I Left My Amethyst on a Windowsill for Two Weeks and It Turned White

8 Crystals That Lose Color in Sunlight

Below is every common mineral I've found that shows measurable color shift under UV exposure. I've included timing estimates based on direct sunlight (not ambient room light — that's far less damaging) and whether the process can be reversed.

1. Amethyst (Quartz) — Purple → Pale Lavender → Nearly White

Amethyst gets its color from iron impurities (Fe³⁺) inside the quartz lattice, activated by natural irradiation in the earth. UV light from the sun gradually "bleaches" these color centers. The process is slow but steady.

• Time to noticeable fade: 2–4 weeks in direct sun
• Mechanism: UV radiation causes charge transfer in Fe⁴⁺ color centers, reducing their concentration
• Reversible?
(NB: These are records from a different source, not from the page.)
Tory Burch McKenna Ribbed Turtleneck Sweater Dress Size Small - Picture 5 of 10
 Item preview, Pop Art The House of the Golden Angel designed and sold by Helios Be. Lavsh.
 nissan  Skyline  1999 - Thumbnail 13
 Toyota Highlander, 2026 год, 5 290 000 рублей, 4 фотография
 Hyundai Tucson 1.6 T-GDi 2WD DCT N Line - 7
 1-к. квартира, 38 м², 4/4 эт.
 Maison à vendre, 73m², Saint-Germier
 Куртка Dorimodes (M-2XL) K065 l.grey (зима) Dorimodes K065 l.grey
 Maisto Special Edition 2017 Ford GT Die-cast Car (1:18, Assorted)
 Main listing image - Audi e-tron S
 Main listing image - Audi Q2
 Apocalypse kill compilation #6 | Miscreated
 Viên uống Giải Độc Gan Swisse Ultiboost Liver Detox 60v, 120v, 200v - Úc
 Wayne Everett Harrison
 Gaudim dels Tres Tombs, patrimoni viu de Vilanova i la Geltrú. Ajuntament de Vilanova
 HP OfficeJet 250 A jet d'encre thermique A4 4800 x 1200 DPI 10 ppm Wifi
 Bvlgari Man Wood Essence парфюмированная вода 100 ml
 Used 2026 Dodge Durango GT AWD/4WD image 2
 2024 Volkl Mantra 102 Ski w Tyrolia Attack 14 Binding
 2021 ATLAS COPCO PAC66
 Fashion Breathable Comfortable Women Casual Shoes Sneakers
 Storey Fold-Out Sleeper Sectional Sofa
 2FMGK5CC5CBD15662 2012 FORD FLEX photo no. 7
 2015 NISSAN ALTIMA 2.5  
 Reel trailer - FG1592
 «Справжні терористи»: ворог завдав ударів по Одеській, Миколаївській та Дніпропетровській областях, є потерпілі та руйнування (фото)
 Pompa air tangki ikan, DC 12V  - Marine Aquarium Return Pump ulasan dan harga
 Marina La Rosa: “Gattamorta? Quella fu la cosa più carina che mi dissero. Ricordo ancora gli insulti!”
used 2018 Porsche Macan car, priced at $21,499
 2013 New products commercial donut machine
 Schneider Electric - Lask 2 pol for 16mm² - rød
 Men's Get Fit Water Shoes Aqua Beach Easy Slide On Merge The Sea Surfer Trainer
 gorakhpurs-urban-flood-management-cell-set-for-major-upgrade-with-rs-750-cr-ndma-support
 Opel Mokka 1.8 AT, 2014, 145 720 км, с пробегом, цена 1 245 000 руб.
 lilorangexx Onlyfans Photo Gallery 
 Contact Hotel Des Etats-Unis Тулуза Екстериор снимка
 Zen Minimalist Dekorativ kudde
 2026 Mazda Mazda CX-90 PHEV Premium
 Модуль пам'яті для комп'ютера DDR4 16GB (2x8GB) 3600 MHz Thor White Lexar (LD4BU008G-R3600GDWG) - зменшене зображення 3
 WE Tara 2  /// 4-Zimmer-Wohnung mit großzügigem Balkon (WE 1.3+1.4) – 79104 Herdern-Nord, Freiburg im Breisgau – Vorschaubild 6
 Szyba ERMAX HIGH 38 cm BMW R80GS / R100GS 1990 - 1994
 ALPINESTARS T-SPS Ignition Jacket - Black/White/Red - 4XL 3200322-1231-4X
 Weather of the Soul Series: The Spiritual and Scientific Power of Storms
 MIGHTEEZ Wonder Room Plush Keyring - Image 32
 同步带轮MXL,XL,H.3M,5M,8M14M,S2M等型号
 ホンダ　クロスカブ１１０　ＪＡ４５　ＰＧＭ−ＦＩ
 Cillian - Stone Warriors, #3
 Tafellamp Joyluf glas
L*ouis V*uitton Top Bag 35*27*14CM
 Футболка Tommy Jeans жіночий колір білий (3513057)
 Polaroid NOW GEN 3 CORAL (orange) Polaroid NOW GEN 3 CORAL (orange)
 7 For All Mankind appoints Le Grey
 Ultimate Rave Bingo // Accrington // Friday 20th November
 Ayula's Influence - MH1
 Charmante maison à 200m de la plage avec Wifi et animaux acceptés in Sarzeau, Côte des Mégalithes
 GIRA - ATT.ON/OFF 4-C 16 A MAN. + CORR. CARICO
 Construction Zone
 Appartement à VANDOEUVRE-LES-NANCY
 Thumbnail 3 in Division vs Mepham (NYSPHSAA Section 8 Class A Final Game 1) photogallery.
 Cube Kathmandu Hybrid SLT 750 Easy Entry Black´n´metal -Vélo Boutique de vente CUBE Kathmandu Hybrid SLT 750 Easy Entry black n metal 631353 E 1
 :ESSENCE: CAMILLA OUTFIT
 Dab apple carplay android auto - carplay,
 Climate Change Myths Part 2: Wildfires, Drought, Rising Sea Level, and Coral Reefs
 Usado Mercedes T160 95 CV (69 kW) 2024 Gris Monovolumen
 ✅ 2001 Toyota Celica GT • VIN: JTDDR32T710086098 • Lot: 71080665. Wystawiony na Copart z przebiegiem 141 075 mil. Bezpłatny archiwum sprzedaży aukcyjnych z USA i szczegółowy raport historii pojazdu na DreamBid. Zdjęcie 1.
Yes — through gamma irradiation (lab only). Heat treatment can sometimes deepen color but may turn it citrine-yellow instead

If you want to keep your amethyst looking its best, I'd recommend reading through a full amethyst care guide — the color preservation tips alone are worth it.

2. Rose Quartz — Pink → Milky White

The pink in rose quartz comes from microscopic fibrous inclusions of a dumortierite-type mineral, plus trace amounts of titanium and manganese. Prolonged UV exposure breaks down these delicate color-producing structures.

• Time to noticeable fade: 1–3 months in direct sun (slower than amethyst)
• Mechanism: UV degradation of fibrous inclusions responsible for color
• Reversible? No — once those microscopic fiber structures are damaged, the color doesn't come back

3. Fluorite — Purple/Green → Dull, Dark, or Almost Colorless

Fluorite is one of the most UV-sensitive minerals in any collection. It's also fluorescent under UV light (hence the name), which is a clue to how reactive its crystal lattice is to radiation. Blue and green fluorite seem more stable than purple varieties, but all of them shift eventually.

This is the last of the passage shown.